Dark Mint Chocolate French Macarons Recipe

Dark Mint Chocolate Ganache French Macarons Close-up

100g. egg whites (I suggest weighing above using a # of eggs), aged 2-3 days at room temperature
100g. almonds, finely ground
200g. powdered sugar
4-5 T. white sugar
Green food coloring

  1. Grind the almonds as finely as possible. In a small container/bowl, whisk the powdered sugar together with the almonds to blend well and break up lumps. If you have a large food processor, you can pulse them together.
  2. In another, large mixing bowl, begin to (electronically) whisk the egg whites. After they start foaming, add the granulated sugar one tablespoon at a time and continue whipping until it gets thick and “like magma.”
  3. Fold the dry mix carefully (and slowly) into the meringue – I used a spatula – and add the food coloring, if desired, until fully mixed.
  4. Fill your piping bag and pipe the macarons out onto a baking sheet lined with a Silpat or regular parchment paper. Leave them to set for 30 – 60 minutes to form a skin.
  5. Preheat the oven to 150-8° C / 300F. Cook macarons 10-15 minutes, keeping a careful eye on them. After taking out of the oven, let cool completely before filling them.
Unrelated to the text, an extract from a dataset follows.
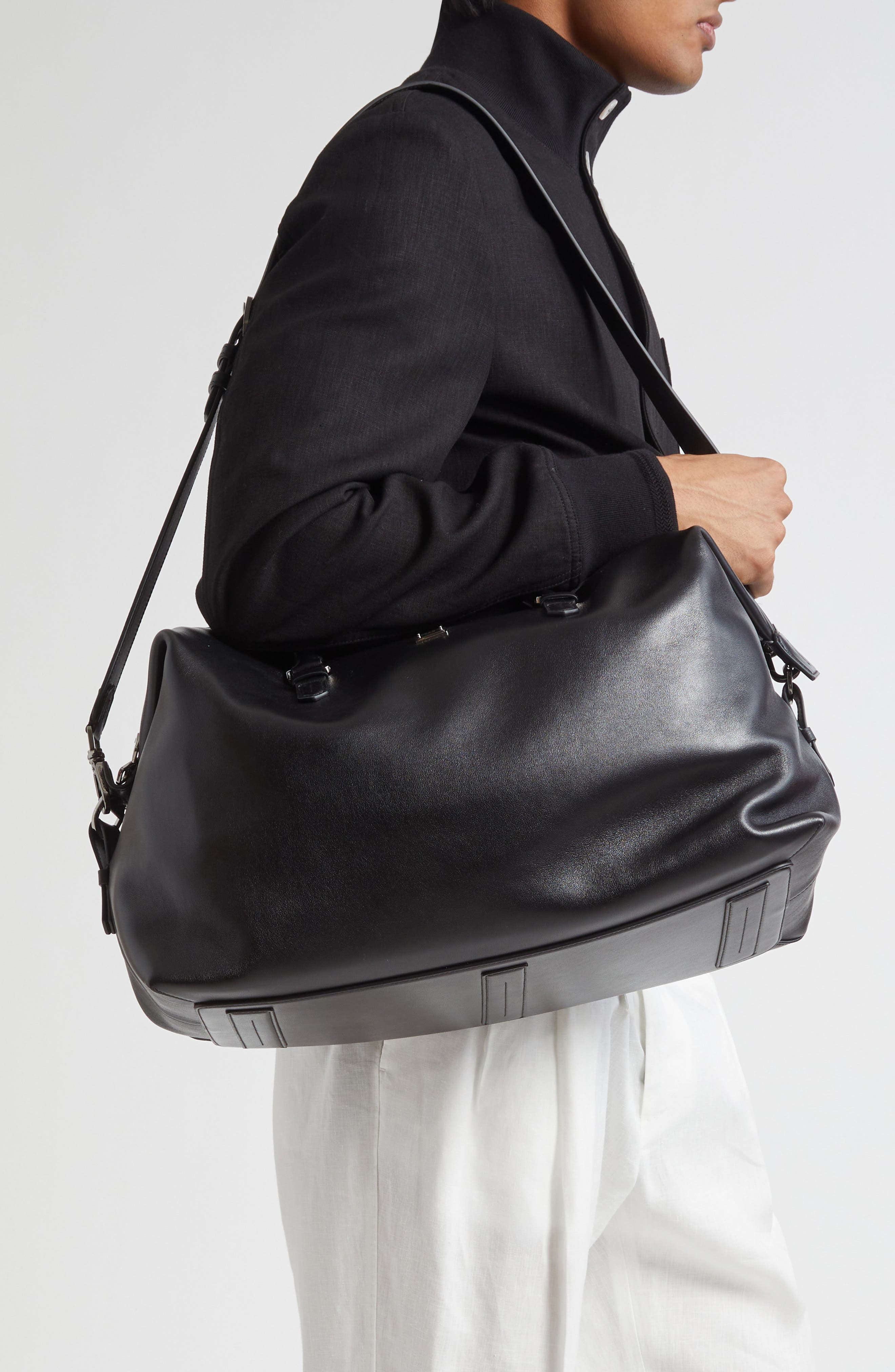 Dolce&Gabbana Roma Leather Duffle Bag in 80999 Nero at Nordstrom - 2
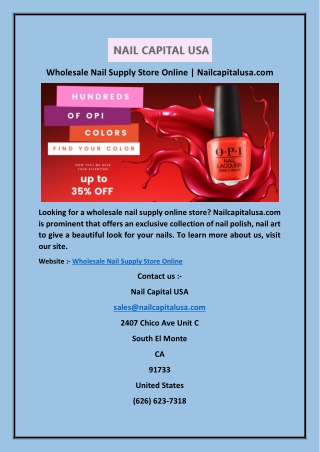 Wholesale Nail Supply Store Online | Nailcapitalusa.com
Mint Dark Chocolate Ganache

Inspiration from Epicurious Raspberry Chocolate Ganache

3 oz fine-quality bittersweet chocolate / cioccolato fondente, finely chopped
1/3 cup heavy cream
1 tablespoon unsalted butter, softened
1/16 teaspoon peppermint extract

  1. Melt chocolate pieces with cream in a bain marie/double boiler or in a plate over barely simmering water. When smooth, remove from heat.
  2. Add butter and peppermint extract, until mixed completely. Let stand until cooled and slightly thickened.
  3. Pipe or use a small spoon to put the filling between the flat halves of the macarons.
About these ads


  1. says

    Wow! That looks great! I am very competitive and every Christmas our neighborhood has a cookie exchange and I am always looking for a great cookie recipe. Thank you for sharing! Have a great day! Ciao, Rita

  2. Tanya says

    Help!! I tried making Macrons for the very first time today. The batter was grainy, as it seemed my food processor would only take the grinding of the almonds so far. While baking, I was able to accomplish the feet on the bottom of the Macarons, but the batter did not settle down on the top, so my Macarons are slightly tilted. Any tips??